Editorials

Consent of the Governed

The drama of the federal fiscal standoff – recently postponed, if only till January – bears all the earmarks of the Kingdom of the World at its worst. The looming idols of power, money and lust well overshadowed any of the founding principles of our nation, even the more secular values of economic freedom, ownership rights and the common good. Few of the principle players would be scathed in the scuffle, only the pawns on the board whose health, livelihood and liberty, it seems, are in jeopardy every time official Washington is in session. The damage done in a fortnight of closures of federal agencies pales compared to the continual dysfunction of a ship of State veering adrift from the route charted by our Founders.

The historical evidence is that such standoffs – the tensions and partisan polarities in play – were actually welcome to our Founders, built-in to the bi-cameral legislature and the separation of powers so essential to check them. Representative government should do just that: reflect the consent of the governed who, at this time in history, are torn among views of the role of government, some of which are not easily reconciled with our first constitutional principles, which serve as a rudder.

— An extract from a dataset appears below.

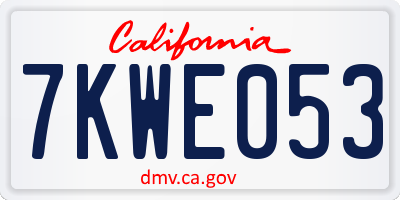 CA license plate 7KWE053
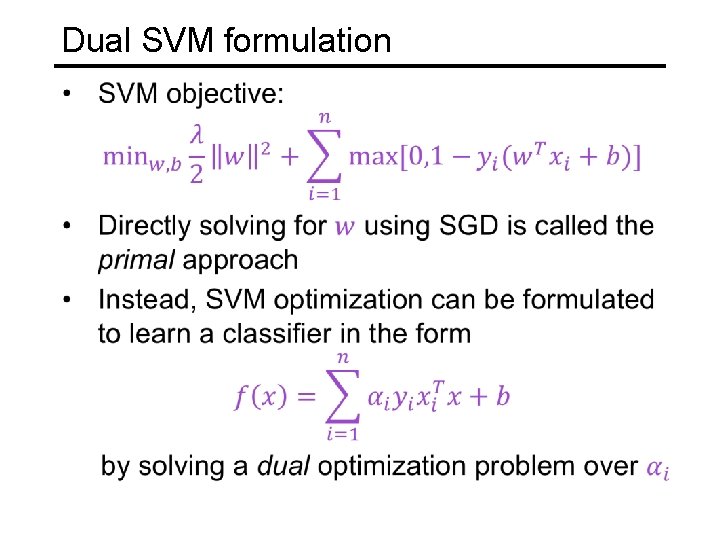 Dual SVM formulation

But is this a crisis of government, really, or a crisis of conscience? The evangelist Franklin Graham has little doubt and minces no words. “Our politicians don’t know right from wrong,” he says. “And our politicians come to this city and they fight one another and it’s the greed in their hearts, the lust that’s in their hearts and they make all these rules and laws that affect the rest of us.” He continues, “[t]he government spends and spends and spends, and they don’t have the money to pay for it. But the politicians are trying to use that money to buy votes in favor for themselves. It is so greedy and so wicked and so wrong,” he charges.

In less censorious terms, Billy Graham, his father, has called for a fresh spiritual awakening in America. Rather than look to an institution, such as government, or for messianic personalities to save us from ourselves, he prays for a wider participation of everyone in spreading the transforming power of the Gospel: a conversion of hearts, one-to-one and one-by-one. This very much echoes the pattern of the early Christians who managed to bring about a “fundamental change” beneficial to all humanity in a very pagan Roman empire, which none of the imperious Caesars were able to accomplish through decades of persecutions and reforms. If ever there was a time for a New Evangelization, it is now!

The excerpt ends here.